PIMCO plans to launch an active currency ETF designed for investors who want to protect against a devalued U.S. dollar with the bond giant’s expertise in global markets.

The ETF will invest in foreign currencies and is expected to list on the NYSE Arca on Tuesday with the ticker FORX. The fund will charge a management fee of 0.65%, according to the prospectus.

It will be called PIMCO Foreign Currency Strategy ETF.

PIMCO is putting the ETF together for investors who want to diversify with currencies if the U.S. dollar depreciates, said Don Suskind, head of global ETF product management, in a telephone interview Monday.

The fund will be actively managed so it won’t use market-cap-weighting schemes common in many passive indices.
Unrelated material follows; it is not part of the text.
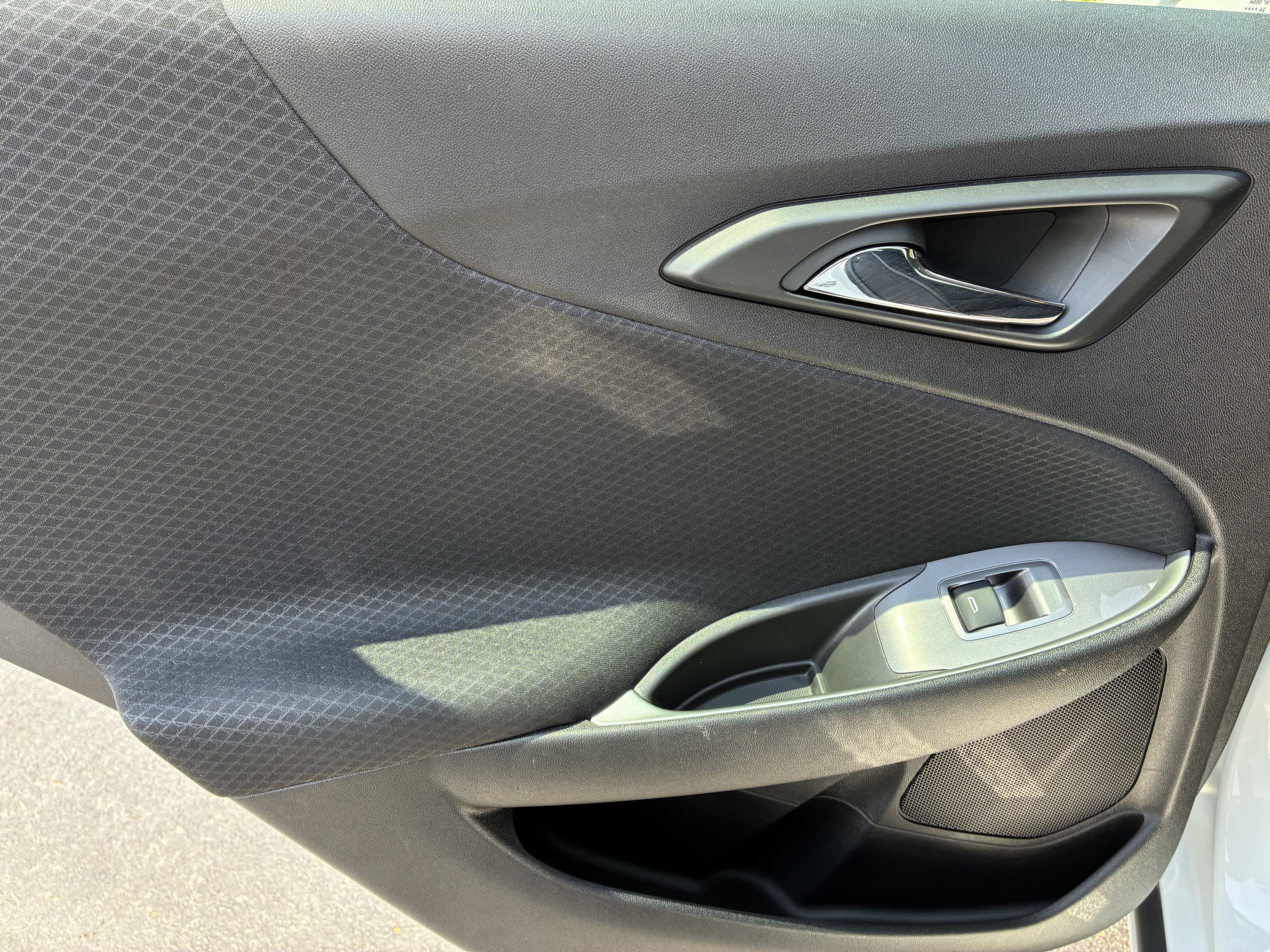 Used 2025 Chevrolet Malibu RS FWD image 16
The ETF will hold currencies “we believe make the most sense for investors,” Suskind added. It will invest in both emerging and developed markets, although its exposure to emerging markets will be capped at 50%.
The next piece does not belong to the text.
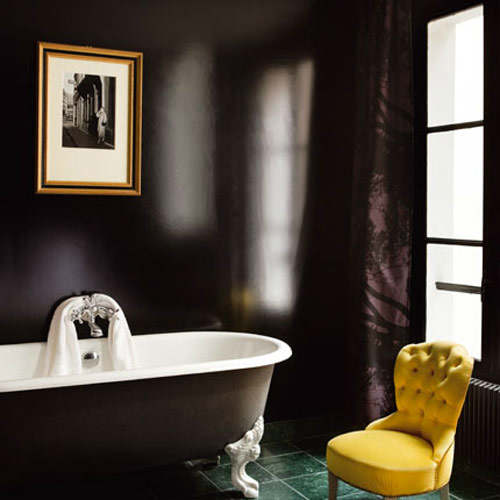 Luxury Black and Gold Bathrooms 4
PIMCO Total Return ETF (NYSEArca: BOND) manager Bill Gross at last month’s 2013 ETF Virtual Summit announced the firm had an actively managed currency fund in the works.

Gross said most currencies are yielding less than inflation due to central bank stimulus, although there are some exceptions such as Mexico and Brazil.

“A currency fund these days can be very attractive because central banks are repressing investors around the world,” Gross noted in January. “That’s what we hope to exploit – find central banks that run the printing press at the slowest rate. There are central banks playing by the rules with more conservative policies. These currencies can appreciate relative to the dollar.”